I plan to create a PR to change the canonicalization behavior of {{Cast}} so 
that nullability information is removed from the target data type of {{Cast}} 
during canonicalization. However, the canonicalization implementation has 
changed drastically between Spark 3.1.1 and master, so I will probably create 
two PRs, 1 for master, 1 for branch-3.1.

> Query with cast containing non-nullable columns fails with AQE on Spark 3.1.1
> -----------------------------------------------------------------------------
>
>                 Key: SPARK-38030
>                 URL: https://issues.apache.org/jira/browse/SPARK-38030
>             Project: Spark
>          Issue Type: Bug
>          Components: SQL
>    Affects Versions: 3.1.1
>            Reporter: Shardul Mahadik
>            Priority: Major
>
> One of our user queries failed in Spark 3.1.1 when using AQE with the 
> following stacktrace mentioned below (some parts of the plan have been 
> redacted, but the structure is preserved).

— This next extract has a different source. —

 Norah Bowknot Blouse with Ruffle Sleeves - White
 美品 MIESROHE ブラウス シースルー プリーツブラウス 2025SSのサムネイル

> Debugging this issue, we found that the failure was within AQE calling 
> [QueryPlan.canonicalized|https://github.com/apache/spark/blob/91db9a36a9ed74845908f14d21227d5267591653/sql/core/src/main/scala/org/apache/spark/sql/execution/adaptive/AdaptiveSparkPlanExec.scala#L402].
> The query contains a cast over a column with non-nullable struct fields. 

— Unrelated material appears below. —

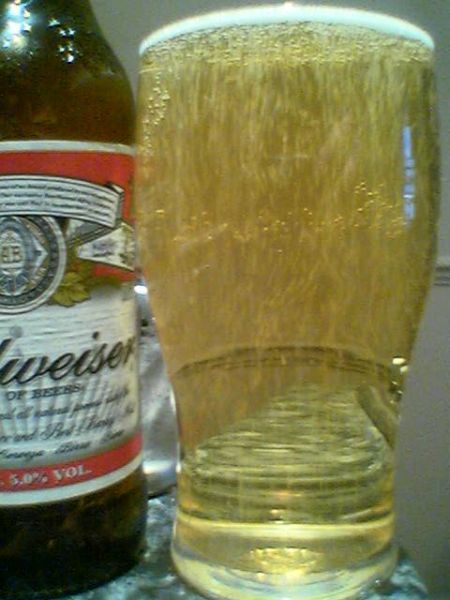 Budweiser poured into a glass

> Canonicalization [removes nullability 
> information|https://github.com/apache/spark/blob/91db9a36a9ed74845908f14d21227d5267591653/sql/catalyst/src/main/scala/org/apache/spark/sql/catalyst/expressions/Canonicalize.scala#L45]
>  from the child {{AttributeReference}} of the Cast, however it does not 
> remove nullability information from the Cast's target dataType. This causes 
> the 
> [checkInputDataTypes|https://github.com/apache/spark/blob/branch-3.1/sql/catalyst/src/main/scala/org/apache/spark/sql/catalyst/expressions/Cast.scala#L290]
>  to return false because the child is now nullable and cast target data type 
> is not, leading to {{resolved=false}} and hence the {{UnresolvedException}}.
> {code:java}
> org.apache.spark.sql.catalyst.errors.package$TreeNodeException: makeCopy, 
> tree:
> Exchange RoundRobinPartitioning(1), REPARTITION_BY_NUM, [id=#232]
> +- Union
>    :- Project [cast(columnA#30) as struct<...>]
>    :  +- BatchScan[columnA#30] hive.tbl 
>    +- Project [cast(columnA#35) as struct<...>]
>       +- BatchScan[columnA#35] hive.tbl
>   at 
> org.apache.spark.sql.catalyst.errors.package$.attachTree(package.scala:56)
>   at org.apache.spark.sql.catalyst.trees.TreeNode.makeCopy(TreeNode.scala:475)
>   at org.apache.spark.sql.catalyst.trees.TreeNode.makeCopy(TreeNode.scala:464)
>   at org.apache.spark.sql.execution.SparkPlan.makeCopy(SparkPlan.scala:87)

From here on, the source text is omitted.